Awareness gives understanding and clarity into a situation. It is about consciously facing your challenges and analyzing all factors involved and at play in a situation. This can help bring to light both internal and external factors that surround an individual within a specific situation. Self-awareness is more on internal factors. It is about knowing who we are and what we choose to become in situations. It is about knowing that we are three entities in one; body, mind and spirit. That we have creative power in each one of us. Using this process to identify our strengths and capabilities as well as areas of improvements. Coaches aim to support clients to get clarity and move forward. Using intuition and communicating with the client what the coaches pick.
Planning and Goal Setting
We run our lives as projects whether we are aware of it or not. To a cook, he plans on what to cook, considers the costs, time, factors in the ingredients, and even organizes cooking into small achievable tasks to have the desired food ready. Success has different meanings but without clarity on the process, goals and products it is no success. Planning is essential to the achievement of goals. The client needs to make the right choices as choices define life. The coach can support the client to narrow down on the choices made into powerful goals. Goal setting helps the client focus their attention and effort into the achievement of set goals. One common guidance to setting a goal is the use of SMART decoded as Specific; Measurable; Achievable; Realistic and Time-specific. Goals can be short-term, intermediate and long-term. Visualization can be used to create a strong vision of the client’s goal. This is one way for a client to motivate themselves to achieve their goal.

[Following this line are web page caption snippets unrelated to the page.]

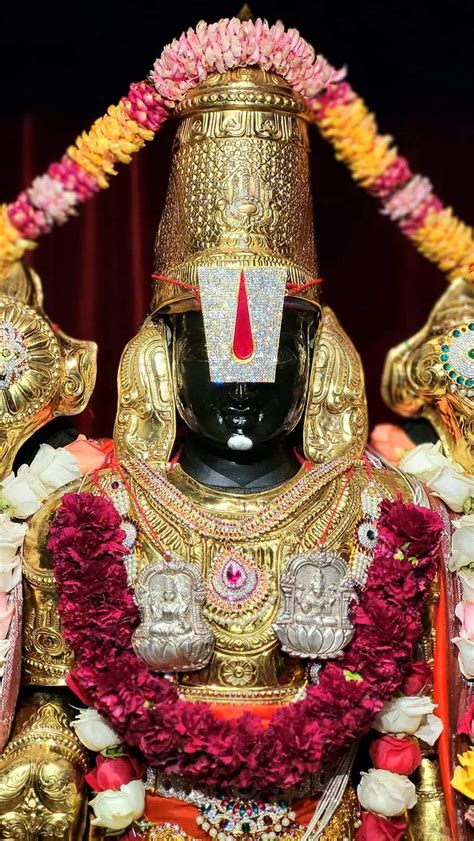 Details 63+ tirupati images hd wallpaper latest - 3tdesign.edu.vn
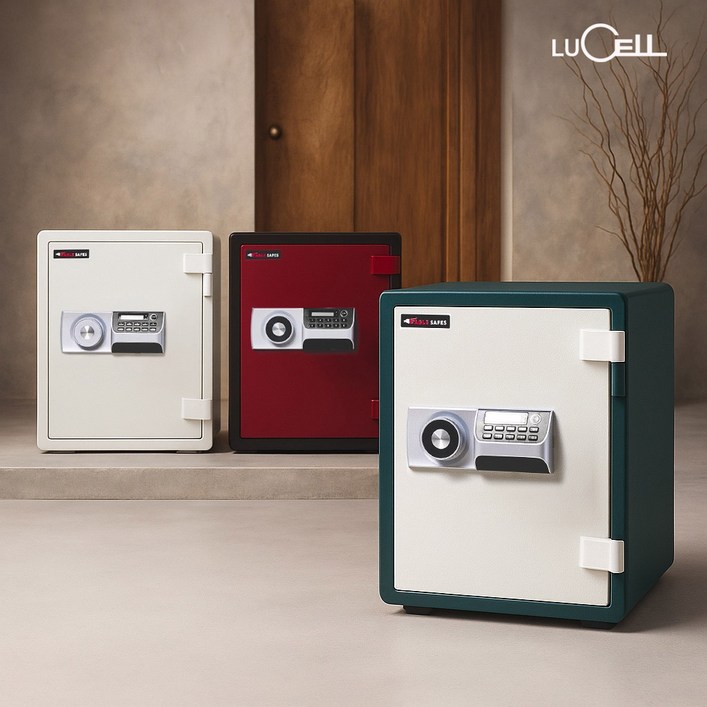 선일금고 디지털 내화금고 ESV200 63kg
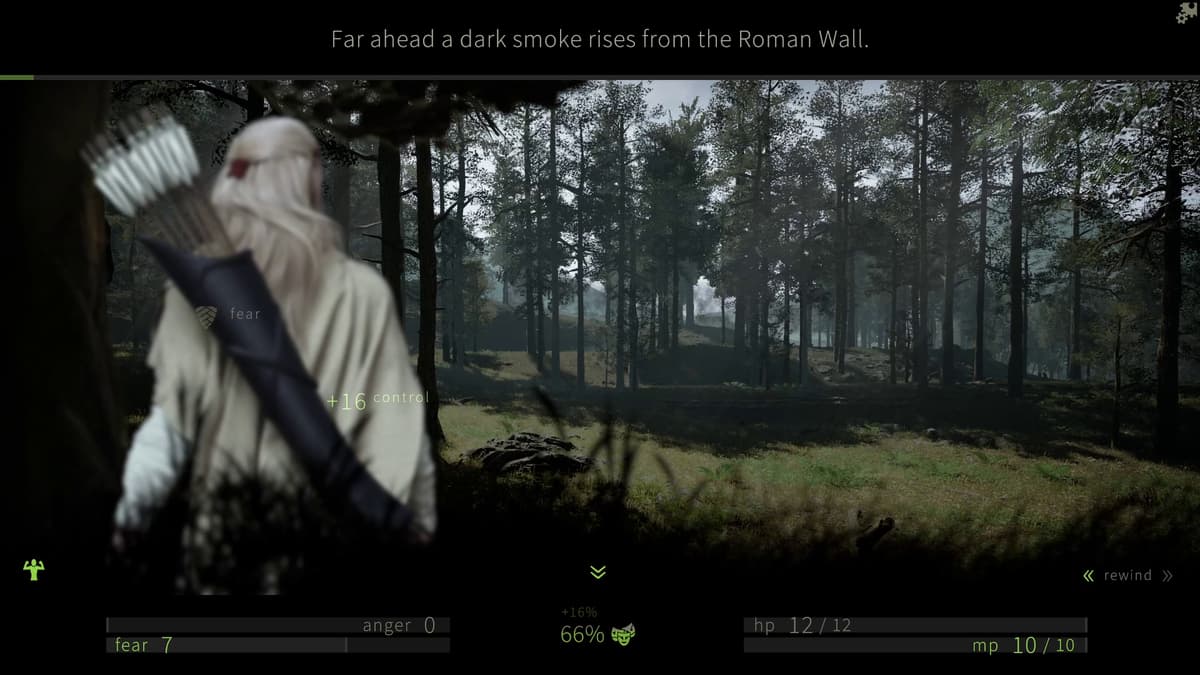 Sacred Fire |TR| resmi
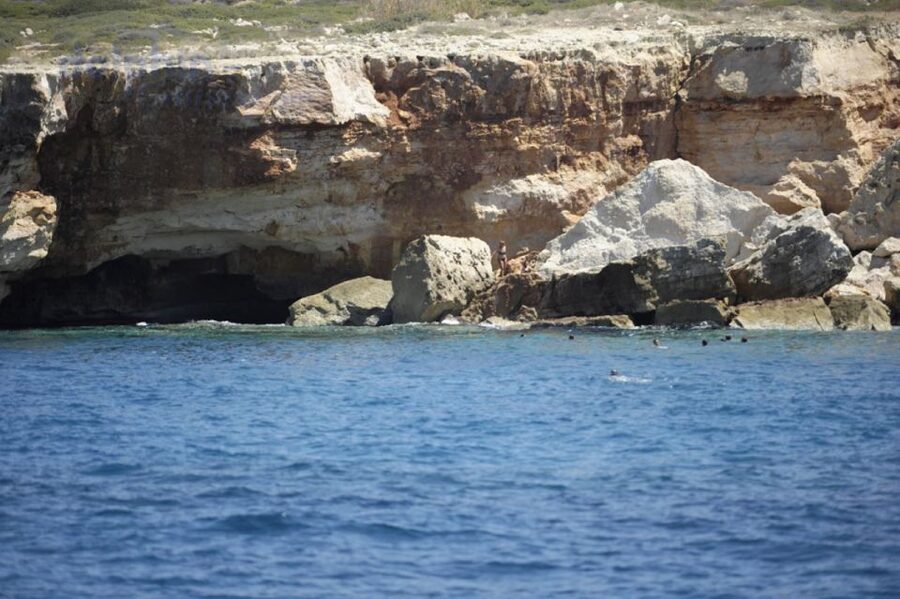 Rethymno: Mini Pirate Boat Cruise with Swimming Stop - Is $41 a fair price?
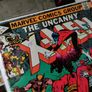 Uncanny X-Men #160 ! First Adult Illyana Rasputina Appearance ! Bronze Age Comic from 1982 ! by Marvel ! Image 2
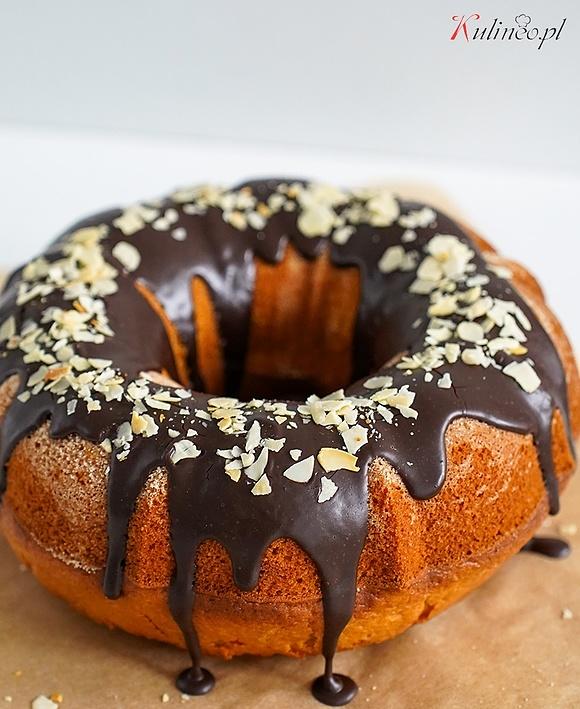 Szybka babka bez miksera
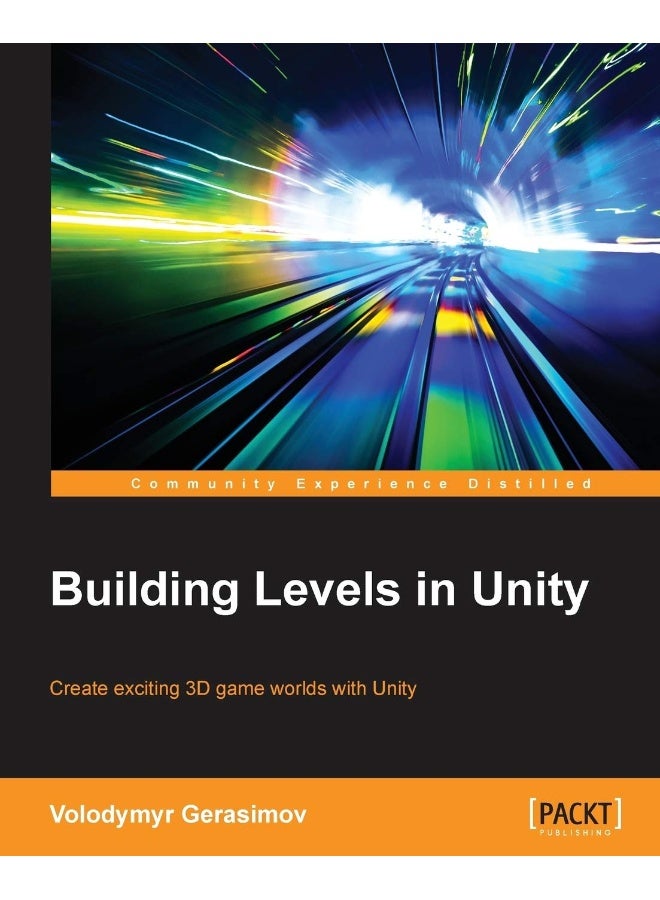 Building Levels in Unity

It is advisable for the client to plan on rewarding themselves following the achievement of the goal.
Processes are everywhere. When a client understands the process he is involved in, it becomes easier to spot the areas of improvement. Achieving the goals set in life requires clearly looking into the process. Investing time in mapping the process ensures efficiency. It is in the mapping of the process that a client can identify areas where he needs support. This support could be an encouragement, additional insights into the process, or being held accountable to achieve the goals set. One powerful question used is; who or what motivates you to achieve your goals? The answers given to this question form a basis to build upon a support structure for the client. Some structures are formed consciously while others are not and exist on their own. For example; Time is self-managing…one cannot put time on hold. We, therefore, plan with the standard 24 hours a day. Some structures are set by ourselves while some are set by other parties. It is advisable to evaluate whether the existing structures serve the client and contribute to the achievement of their goals. This gives an opportunity where alternative structures can be established.
- What is your perception of liberation?
- What characteristics do you see in a person modelling liberation?
- Consider a past experience when you were in a state of inhibition. What beliefs did you carry into the situation?
- What did it take you to get out of this situation?
- How do you remain mindful in a challenging situation?
- How do you manage a situation where a person is inhibited?